Previously, Garboczi and Bentz [17] have shown that the relative diffusivity of cement paste should be mainly a function of capillary porosity. At higher porosities (> 20 %), transport is dominated by the percolated pathways through the capillary porosity phase. At lower porosities (< 20 %), the capillary porosity becomes discontinuous and transport is controlled by the properties of the nanoporous C-S-H phase. Plotting relative diffusivity vs. total capillary porosity resulted in a single universal curve for a variety of w/c ratios and degrees of hydration [17], albeit with abrupt changes in slope at the percolation threshold porosity, for model tricalcium silicate cement pastes.

Accepting that the NIST cement hydration and microstructure development model is producing reasonable microstructures and chloride ion diffusivities for systems containing silica fume, one can proceed to investigate the effects of w/c ratio, silica fume addition, and degree of hydration on relative diffusivity.
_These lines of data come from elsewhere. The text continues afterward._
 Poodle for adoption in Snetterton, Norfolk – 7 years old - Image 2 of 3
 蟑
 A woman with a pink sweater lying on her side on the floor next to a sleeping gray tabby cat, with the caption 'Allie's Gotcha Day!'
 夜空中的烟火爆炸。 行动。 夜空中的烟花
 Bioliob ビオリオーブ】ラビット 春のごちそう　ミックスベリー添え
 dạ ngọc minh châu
For this study, approximately 70 different microstructures were simulated with w/c ratios ranging from 0.2 to 0.7 and silica fume additions from 0 % to 20 %. The results are summarized in Fig. 2 which provides a plot of the model relative diffusivities vs. total capillary porosity. It should be noted that the general trends of these curves are in good agreement with the experimental data for chloride ion diffusivity under leaching conditions presented by Jensen et al. [8], and the relative electrical conductivity data presented by Christensen [28] for w/c=0.4 cement pastes with (20 %) and without silica fume.

Figure 2: Model results for relative diffusivity of cement pastes with silica fume vs. total capillary porosity. Top dashed line indicates a previously developed equation [17]. Lower four solid and dashed lines from top to bottom indicate fits for 0 %, 3 %, 6 %, and 10 % silica fume additions, respectively. Fitting coefficients are provided in Table 5.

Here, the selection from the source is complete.